If the price of urea is raised by more than 200 per cent, taking it from $86 per MT to, say, $265 per MT — which is the price Chinese farmers are paying — but the MSP of wheat is also raised from $226 per MT to $385 per MT (what the Chinese farmer gets), or to $320 per MT, which his Pakistani counterpart gets, the Indian farmer would be more than happy. So, there is a way to make the price increase politically palatable. But given the National Food Security Act, 2013, which promises wheat and rice at Rs 2 to 3 per kilogramme, this MSP rise will lead to an explosive growth in food subsidy and a further distortion in cropping patterns, skewed in favour of wheat and rice. India may end up worse off.
Another option is to simply transfer the cash equivalent of the current fertiliser subsidy to farmers. This works out to roughly Rs 5,000 per hectare (Rs 1 lakh crore subsidy divided by gross cropped area of about 20 crore ha). Farmers below the 4 ha holding size can be given cash at this rate and those above that holding size at Rs 4,000 per ha. Then the entire fertiliser sector can be deregulated, with imports flowing freely at zero import duty. Direct cash transfers can be conducted via Jan Dhan Yojana bank accounts and linked to the UID and Aadhaar. Politically, this is feasible and will lead to savings of at least Rs 10,000 crore in the fertiliser subsidy by simply stopping the diversion of urea to other uses and smuggling to other countries. It will also signal to farmers that they use nitrogen, phosphorus and potassium in a balanced manner, raising the productivity of fertiliser use. The only condition imposed on beneficiary farmers should be that they get their soil tested every three years.
What would happen to our fertiliser industry under this brave new world of total decontrol? The probability is high that it would expand and prosper, provided urea plants are given gas at a uniform price (maybe a pooled price of import parity and domestically produced).

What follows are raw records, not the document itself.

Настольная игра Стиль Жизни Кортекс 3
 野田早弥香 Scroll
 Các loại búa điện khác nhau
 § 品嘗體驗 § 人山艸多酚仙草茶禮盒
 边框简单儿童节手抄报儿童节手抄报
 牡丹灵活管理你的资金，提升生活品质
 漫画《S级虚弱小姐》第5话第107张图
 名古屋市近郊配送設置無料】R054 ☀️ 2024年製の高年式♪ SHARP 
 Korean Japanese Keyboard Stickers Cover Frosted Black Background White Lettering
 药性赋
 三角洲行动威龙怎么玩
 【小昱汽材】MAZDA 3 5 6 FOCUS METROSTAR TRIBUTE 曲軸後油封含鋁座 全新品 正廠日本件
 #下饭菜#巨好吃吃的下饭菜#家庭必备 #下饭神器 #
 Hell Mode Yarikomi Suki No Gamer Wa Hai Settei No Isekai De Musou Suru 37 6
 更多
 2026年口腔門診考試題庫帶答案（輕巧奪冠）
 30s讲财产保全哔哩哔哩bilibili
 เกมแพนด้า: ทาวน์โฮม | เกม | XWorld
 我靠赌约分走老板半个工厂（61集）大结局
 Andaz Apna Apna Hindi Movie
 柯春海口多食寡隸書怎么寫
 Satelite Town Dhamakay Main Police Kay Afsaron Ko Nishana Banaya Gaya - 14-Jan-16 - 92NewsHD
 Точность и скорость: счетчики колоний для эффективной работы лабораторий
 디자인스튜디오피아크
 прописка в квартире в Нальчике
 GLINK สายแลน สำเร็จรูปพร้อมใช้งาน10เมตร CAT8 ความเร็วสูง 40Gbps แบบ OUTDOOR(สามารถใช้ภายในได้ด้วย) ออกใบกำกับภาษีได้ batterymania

It will incentivise them to be more energy efficient, get the best technologies and compete with those in China or elsewhere. There could be mergers and acquisitions within the urea industry, but overall, the industry will be liberated and unshackled from myriad controls. Industry captains today feel they are ready to walk this path to freedom. Is the government also ready?